■ **EXERCISE DESCRIPTION**
Set down every entry exactly as given. Pictures are to be left out.

Records drawn from a dataset
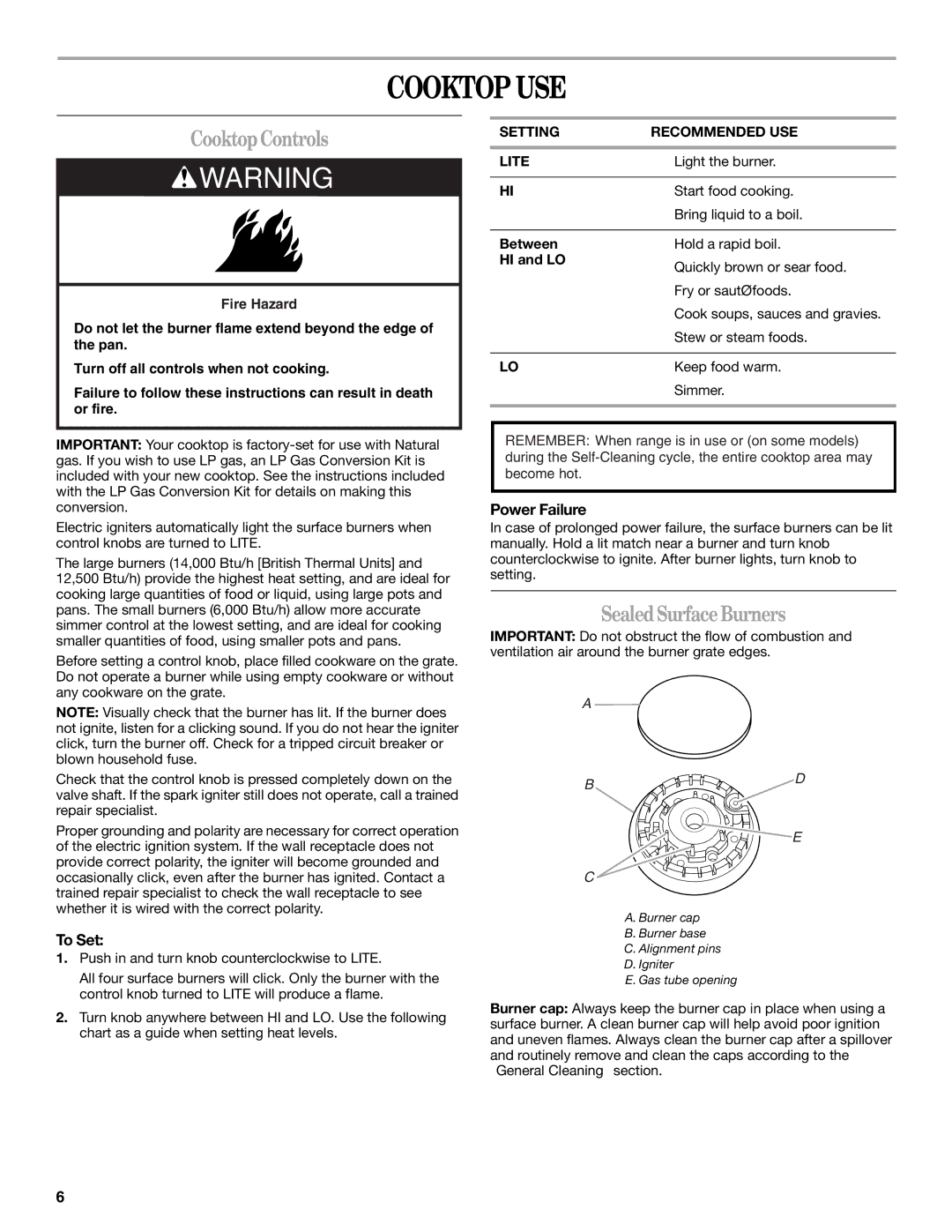 Whirlpool W10086240 manual Cooktop USE, Cooktop Controls, Sealed Surface Burners, To Set, Power Failure 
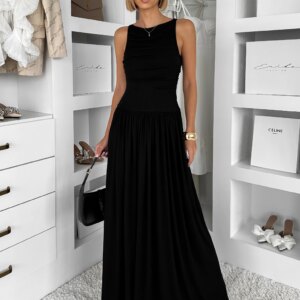 Černé elegantní dlouhé šaty LORAVIA Velikost: L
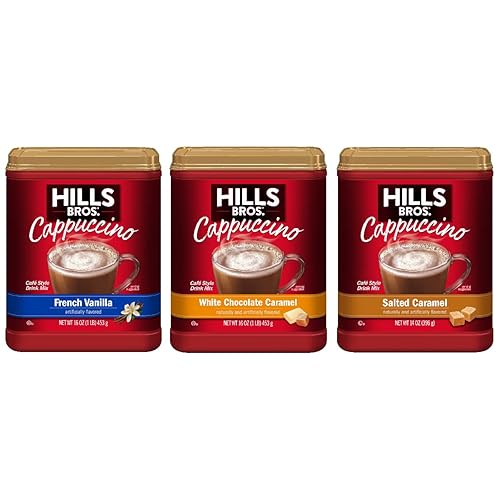 Hills Bros. Cappuccino Mix – Mezcla de bebida instantánea rica y espumosa de sabor a cafetería – Preparación rápida y fácil – Perfecto para bebidas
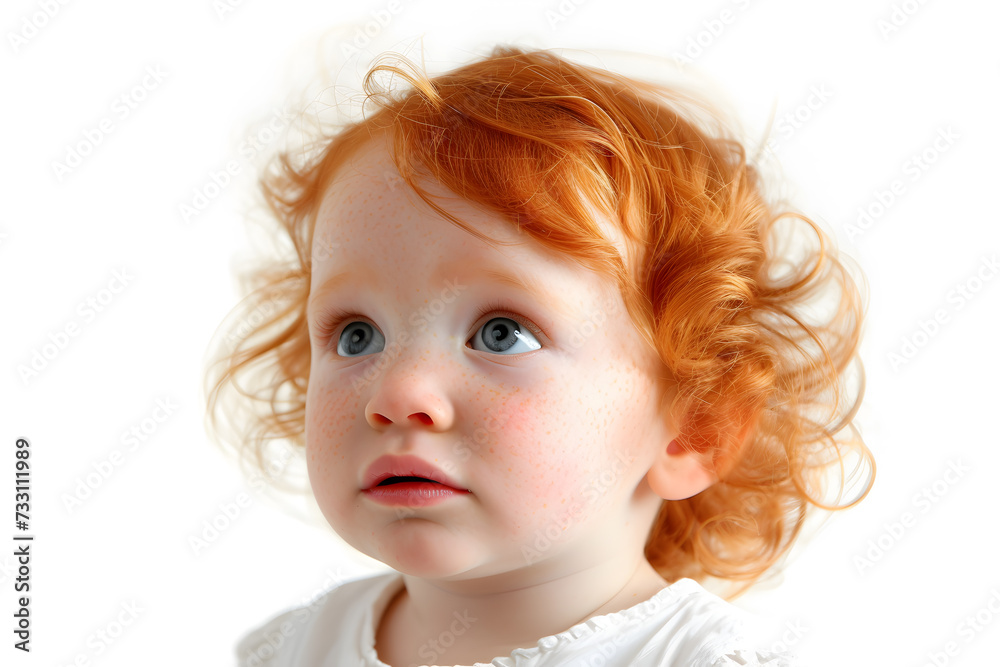 Closeup cute red hair baby toddler isolated Closeup cute red hair baby toddler isolated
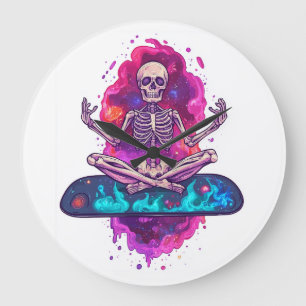 Zen bis auf die Knochen � Lustiger Weltraum-Yoga-T Große Wanduhr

■ **TASK ANSWER**
 Whirlpool W10086240 manual Cooktop USE, Cooktop Controls, Sealed Surface Burners, To Set, Power Failure 
 Černé elegantní dlouhé šaty LORAVIA Velikost: L
 Hills Bros. Cappuccino Mix – Mezcla de bebida instantánea rica y espumosa de sabor a cafetería – Preparación rápida y fácil – Perfecto para bebidas
 Closeup cute red hair baby toddler isolated Closeup cute red hair baby toddler isolated
 Zen bis auf die Knochen � Lustiger Weltraum-Yoga-T Große Wanduhr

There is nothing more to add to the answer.